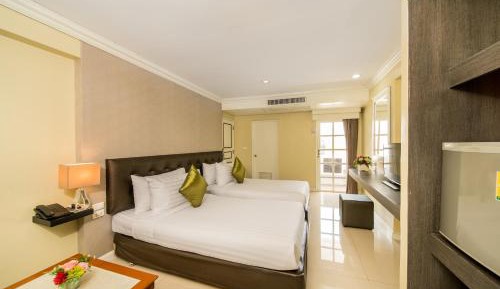 Deluxe Double or Twin Room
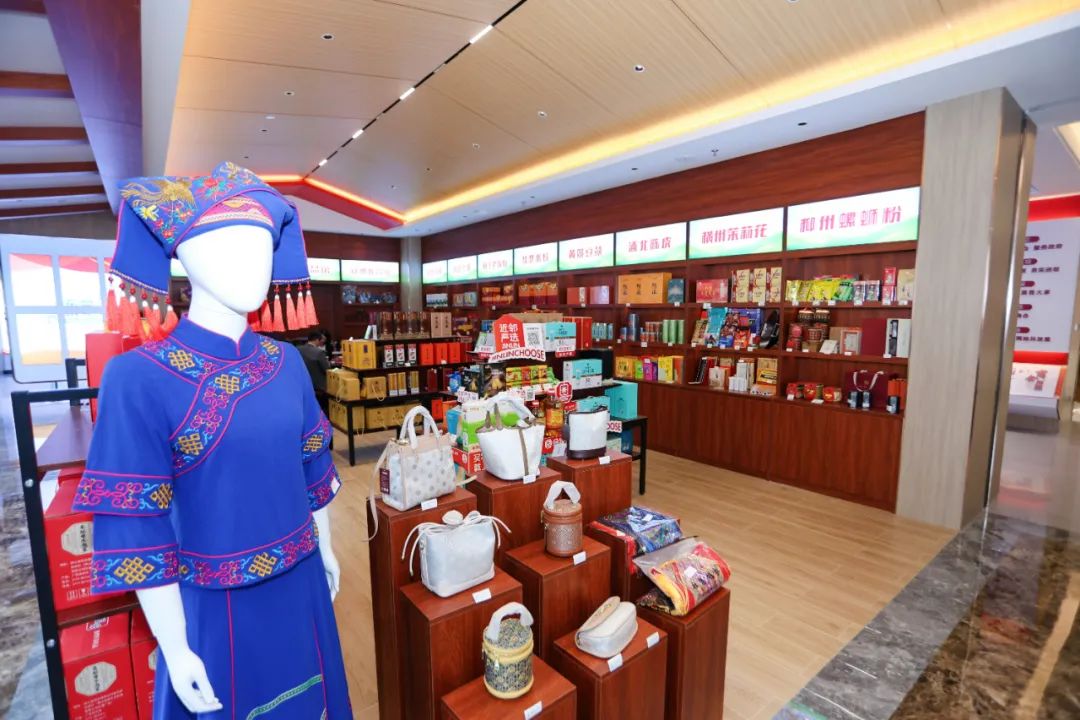 迈向未来 信启新章——东莞市广西商会乔迁盛典暨信发产业集团15周年庆圆满举行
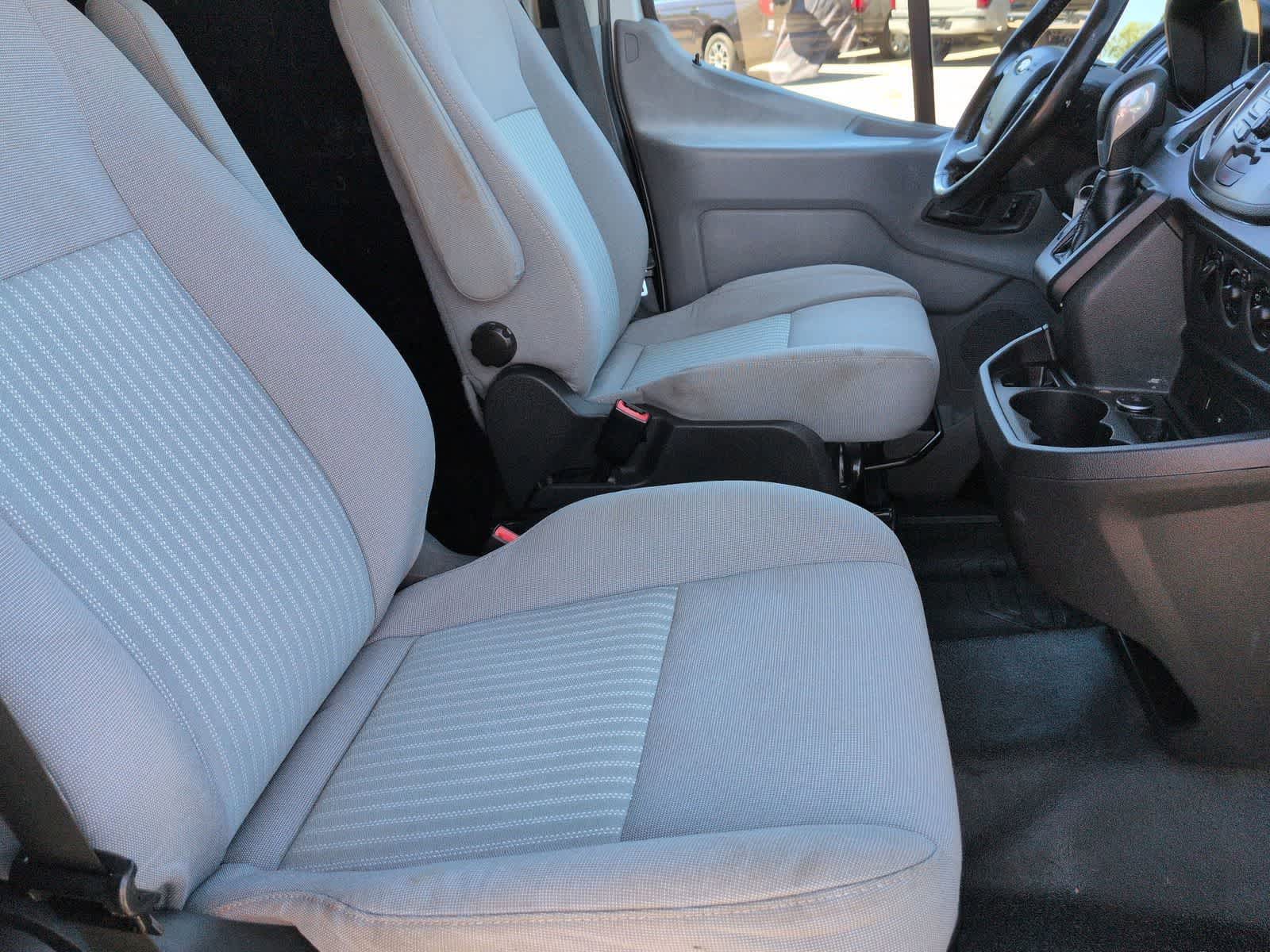 Thumbnail: 2016 Ford Transit Series - 18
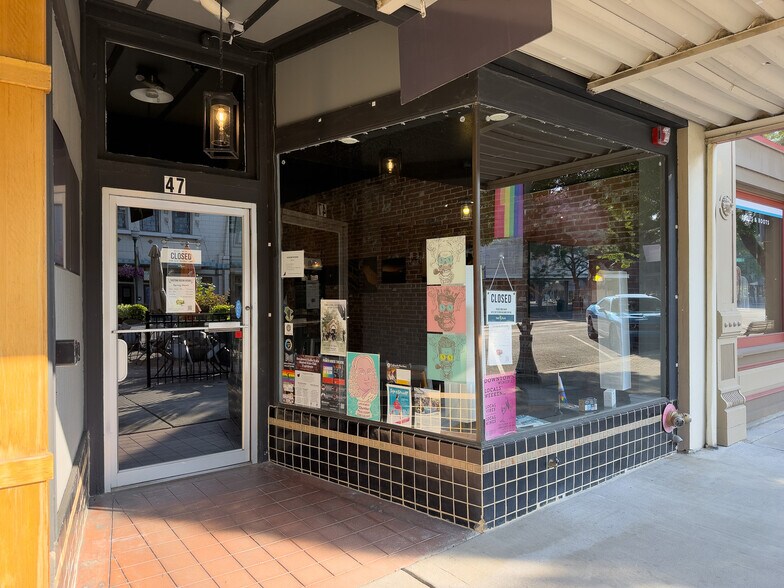 More Photos Of 39-47 E Main St, Walla Walla Storefront For Lease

## PROBLEM DETAILS
Please transcribe the listing exactly as it stands, but omit its pictures.

## SOLUTION TO THIS EXERCISE
 Deluxe Double or Twin Room
 迈向未来 信启新章——东莞市广西商会乔迁盛典暨信发产业集团15周年庆圆满举行
 Thumbnail: 2016 Ford Transit Series - 18
 More Photos Of 39-47 E Main St, Walla Walla Storefront For Lease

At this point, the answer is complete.